Types of Balance Exercise

Now that you know all about the benefits improved balance can add to your life; it’s time to decide how to build your balance. There are plenty of options, and as always, the right choice is the one that fits best into your life.

  • Static Balance Exercises

    Static balance exercises can be a great choice for seniors who have limited mobility, or who are at risk of injury. The name comes from the fact that they don’t require any movement at all, keeping your body in a fixed position as you train your balance. While it might sound easy, you’ll be surprised by the challenge once you get started!

    The most basic static balance exercise is standing on one foot. Try it for ten seconds, then thirty, then a full minute. If you want a real challenge, you can even try it with your eyes closed.

    This trains your proprioception, giving your body a better sense of where it sits in space. and it strengthens the muscles in your legs, joints, and core, giving you a more stable stance. Finally, it improves your reaction time when you catch your fall with your other foot.

    To jumpstart your balance training,  try the above exercise on our foam balance pad.

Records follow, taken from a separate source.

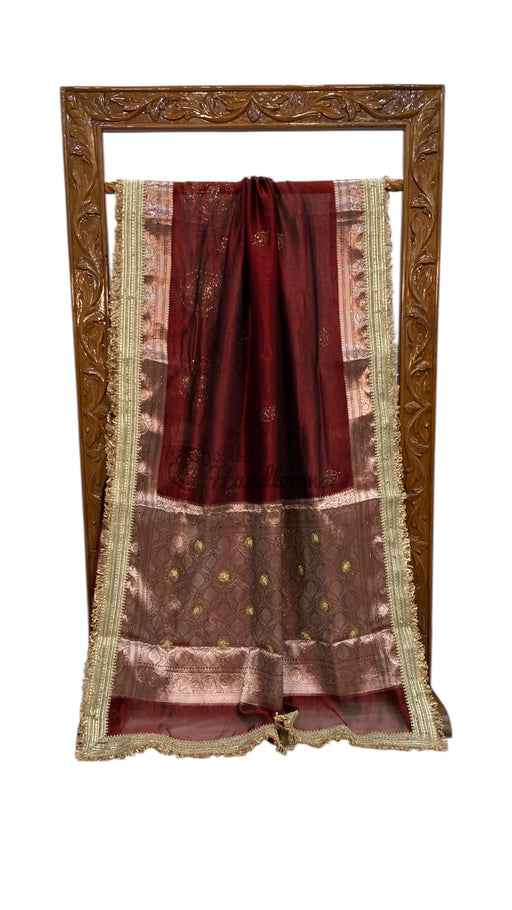 Pure Kora Tissue Handloom Banarasi Saree - Handwork - The Handlooms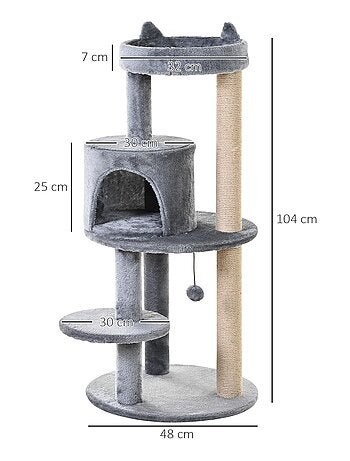 Arbre à chats griffoirs plateformes niche jeu boule suspendue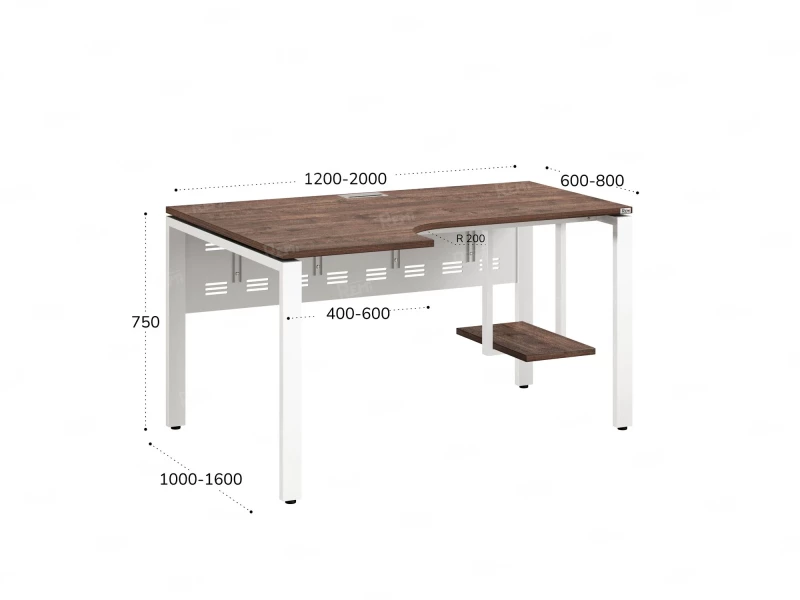 Стол угловой, экран металл, П-опора, левый 1600x900/1200x750, RM059-16x9-12 Дуб Апрельский шоколад/Белый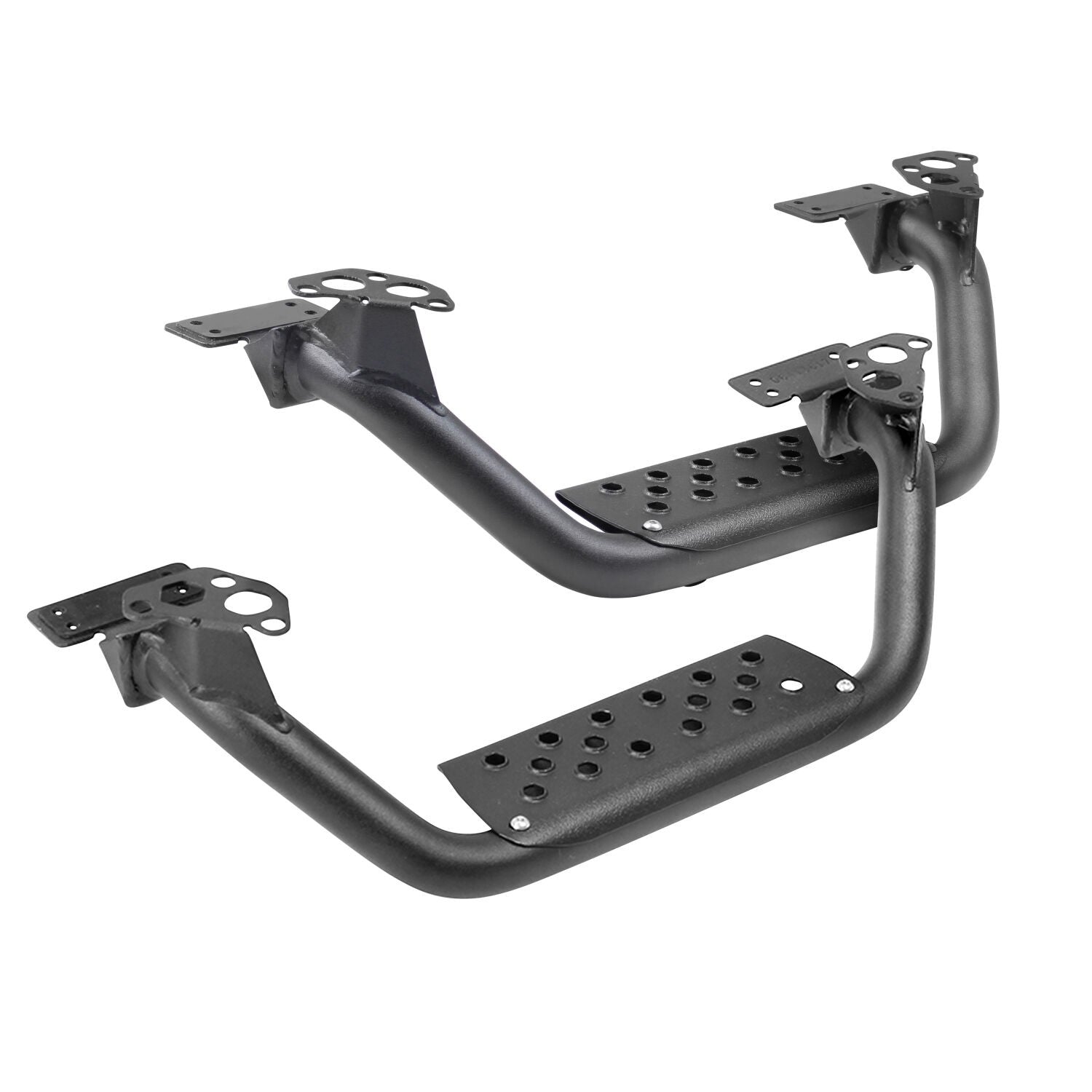 4 Inch Drop Steps for Dominator Xtreme D6, Pair Textured Powder Coat Textured Black 1999-2024 Ford F-250/F-350 2006-2023 Toyota Tacoma 2007-2021 Toyota Tundra 2007-2024 Jeep Wrangler JK/JL Go Rhino-1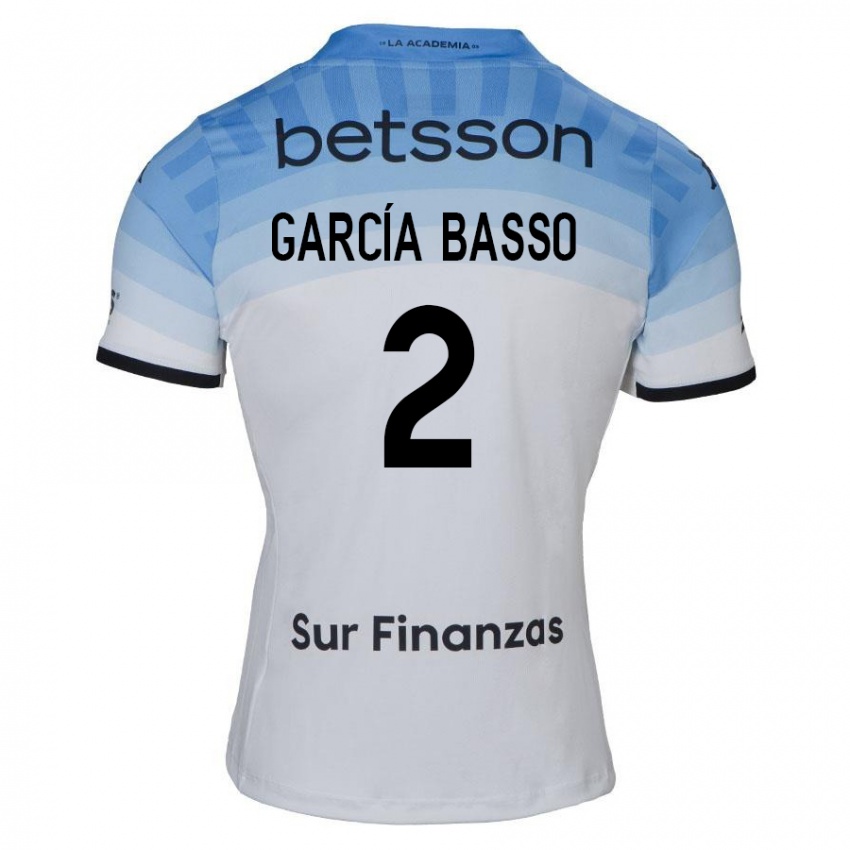 Criança Camisola Agustín García Basso #2 Branco Azul Preto Alternativa 2024/25 Camisa Brasil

  • Dynamic Balance Exercises

    Dynamic balance exercises are more similar to other exercises like running and weightlifting. Here, you move your body to work the muscles in your legs, hips, and joints, to gradually improve your balance. For best results, keep in mind that good balance requires many different muscles all working together. So it makes sense that you’ll need to try a broad range of exercises for a comprehensive workout.

    Focus on exercises that target your calves, quads, hamstrings, and abdominals. There’s a great variety of different exercises you can try, so experiment and see which works best for you. If you’re looking for a few to get started, try these:

    1. Step-ups
    2. Marching
    3. Side-steps

    If you’re looking for a way to get your muscles moving, but can’t stand for long periods, a pedal exerciser can let you work your leg muscles while sitting down.

  • Yoga

    Yoga is a popular form of low-impact exercise that combines static and dynamic exercises for a comprehensive workout. It’s the perfect option for balance training, while also improving strength and flexibility. Plus, it’s something you can try in a class in your local community or the comfort of your own home.

    Don’t forget to tailor your yoga workout to your personal fitness goals. Get started on your yoga journey with our complete guide to yoga for seniors.

Putting Balance at the Core of Your Fitness Plan

It’s important to remember that your regular exercise routine should be varied enough to support your overall fitness. Alongside cardio and muscle-building workouts, improving your balance can have a huge impact on your safety, mobility, and independence. Perhaps more than any age group, seniors can fully enjoy the benefits of better balance.